- Listed entries:
━━━
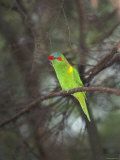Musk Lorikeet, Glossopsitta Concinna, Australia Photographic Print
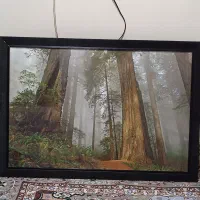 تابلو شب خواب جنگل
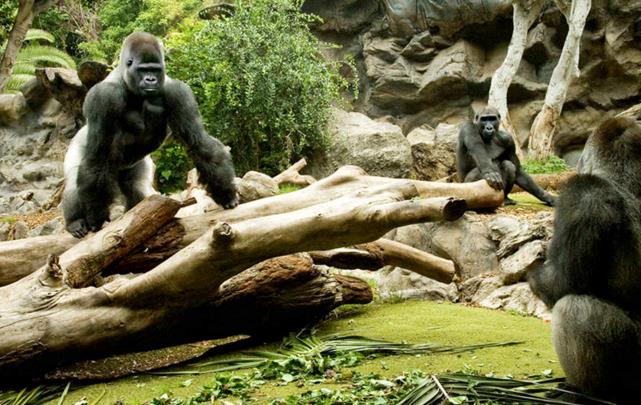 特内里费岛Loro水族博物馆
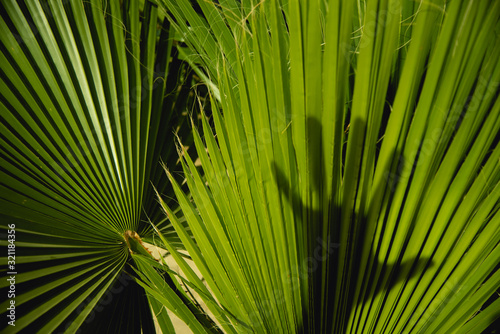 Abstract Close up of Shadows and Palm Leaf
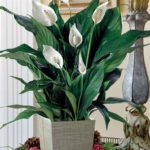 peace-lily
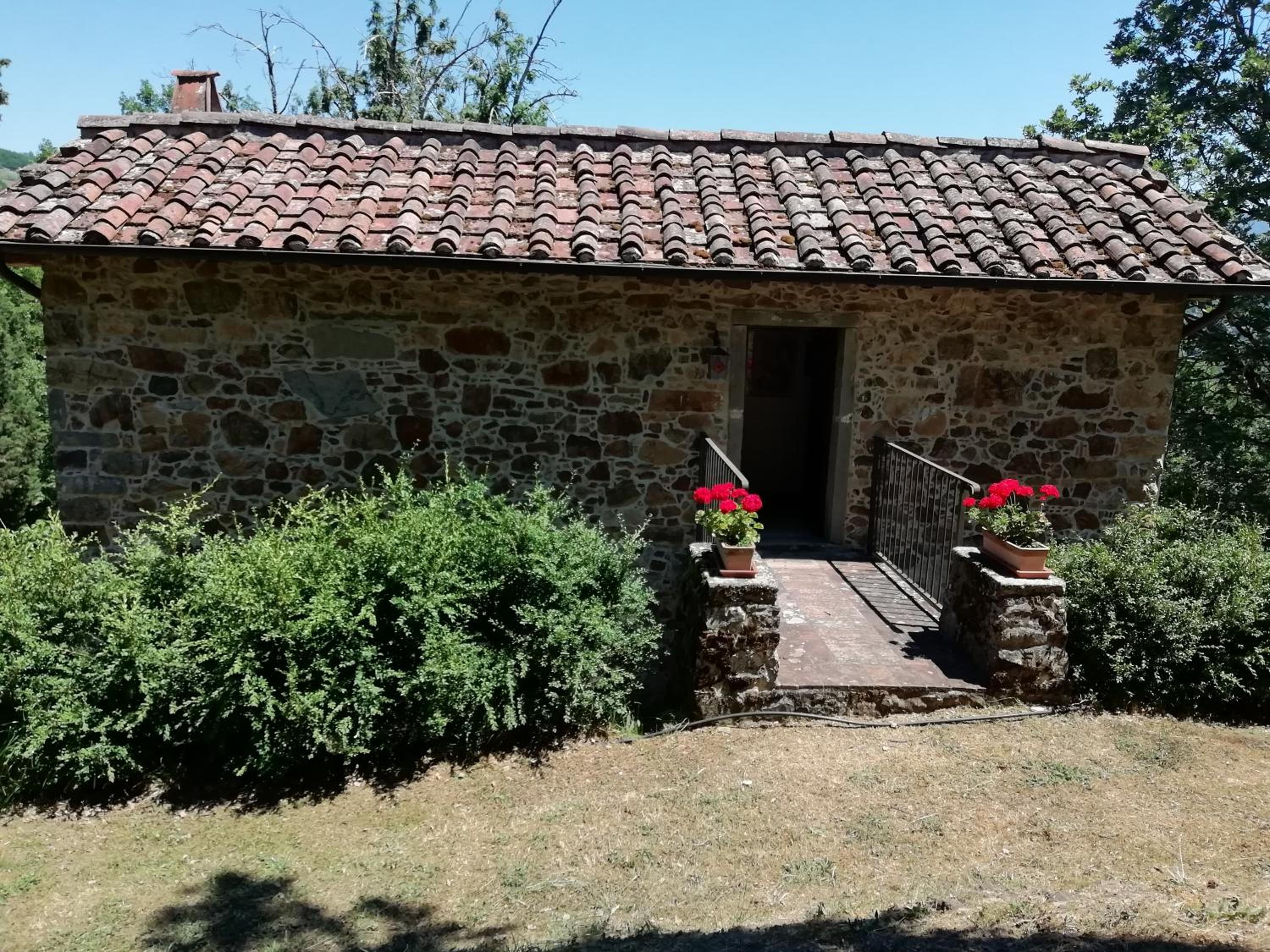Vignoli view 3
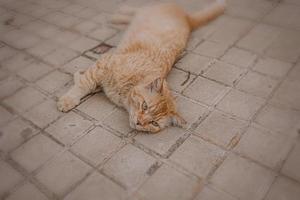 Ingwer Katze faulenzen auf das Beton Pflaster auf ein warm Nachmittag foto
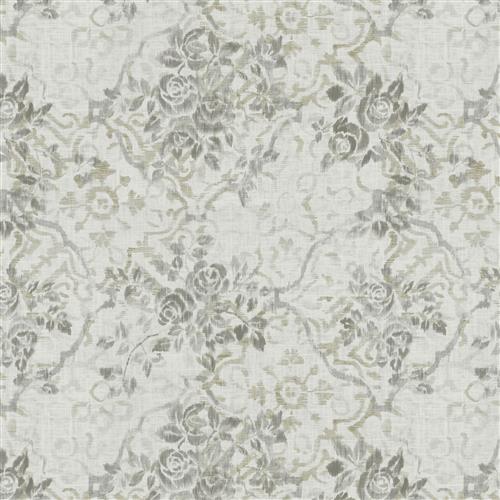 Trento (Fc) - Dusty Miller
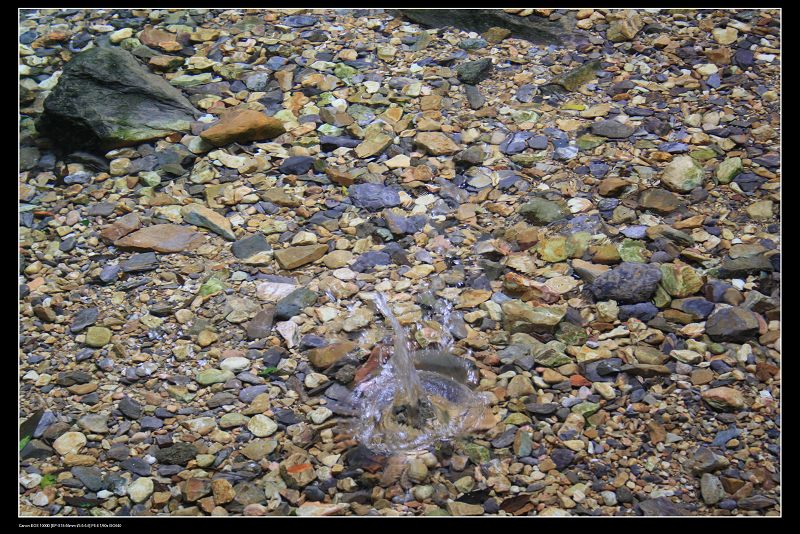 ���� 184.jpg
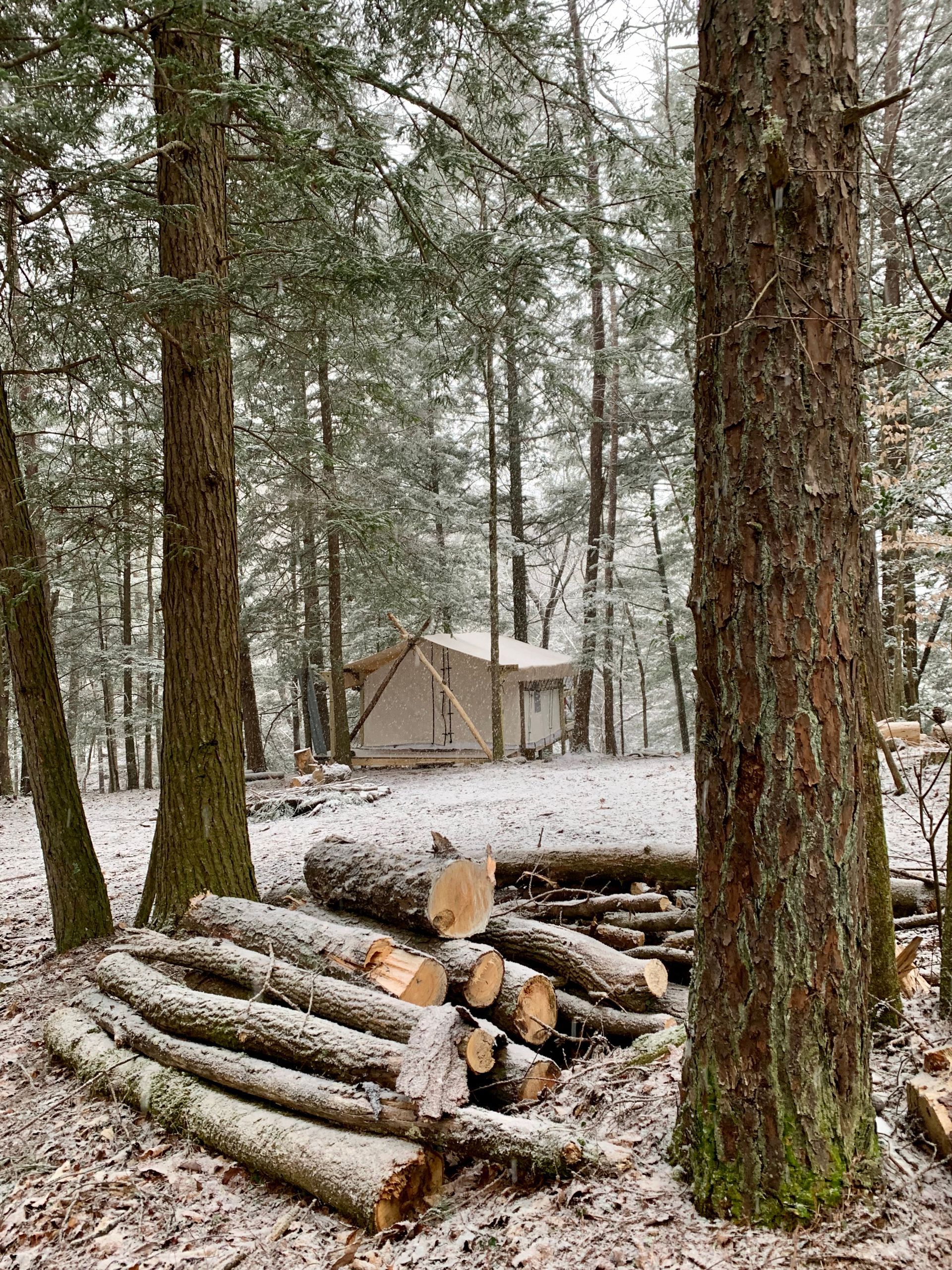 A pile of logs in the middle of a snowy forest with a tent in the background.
━━━
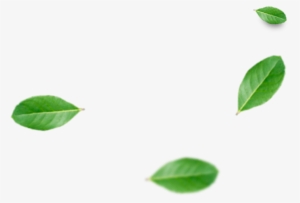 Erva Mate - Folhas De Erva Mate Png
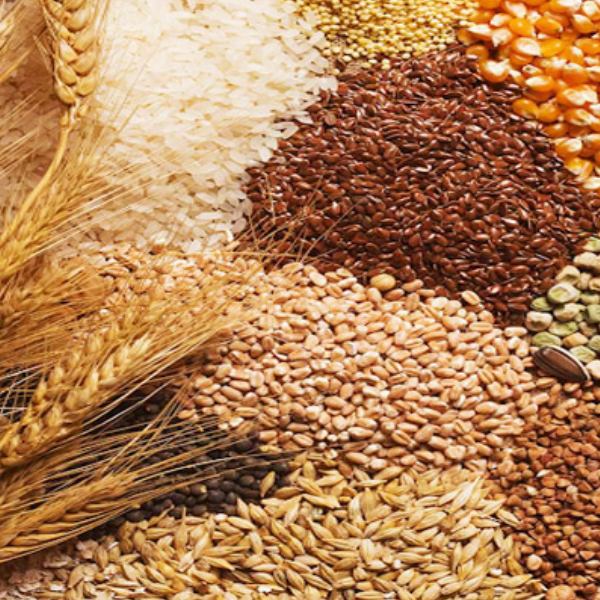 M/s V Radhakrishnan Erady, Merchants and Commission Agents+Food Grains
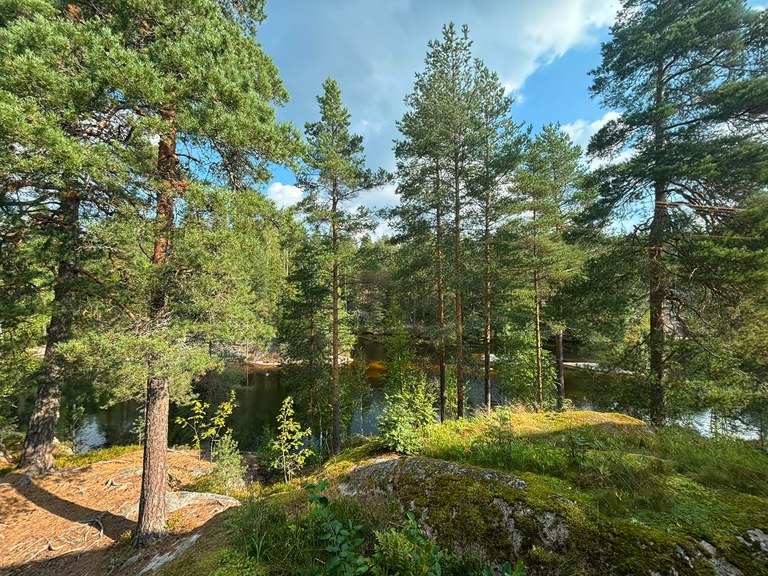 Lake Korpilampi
━━━
- Problem statement:
Return the material from the line containing "Musk Lorikeet, Glossopsitta" through the line containing "A pile of logs", exactly and in full, but without its pictures.

- Result below:
Musk Lorikeet, Glossopsitta Concinna, Australia Photographic Print
 تابلو شب خواب جنگل
 特内里费岛Loro水族博物馆
 Abstract Close up of Shadows and Palm Leaf
 peace-lily
Vignoli view 3
 Ingwer Katze faulenzen auf das Beton Pflaster auf ein warm Nachmittag foto
 Trento (Fc) - Dusty Miller
 ���� 184.jpg
 A pile of logs in the middle of a snowy forest with a tent in the background.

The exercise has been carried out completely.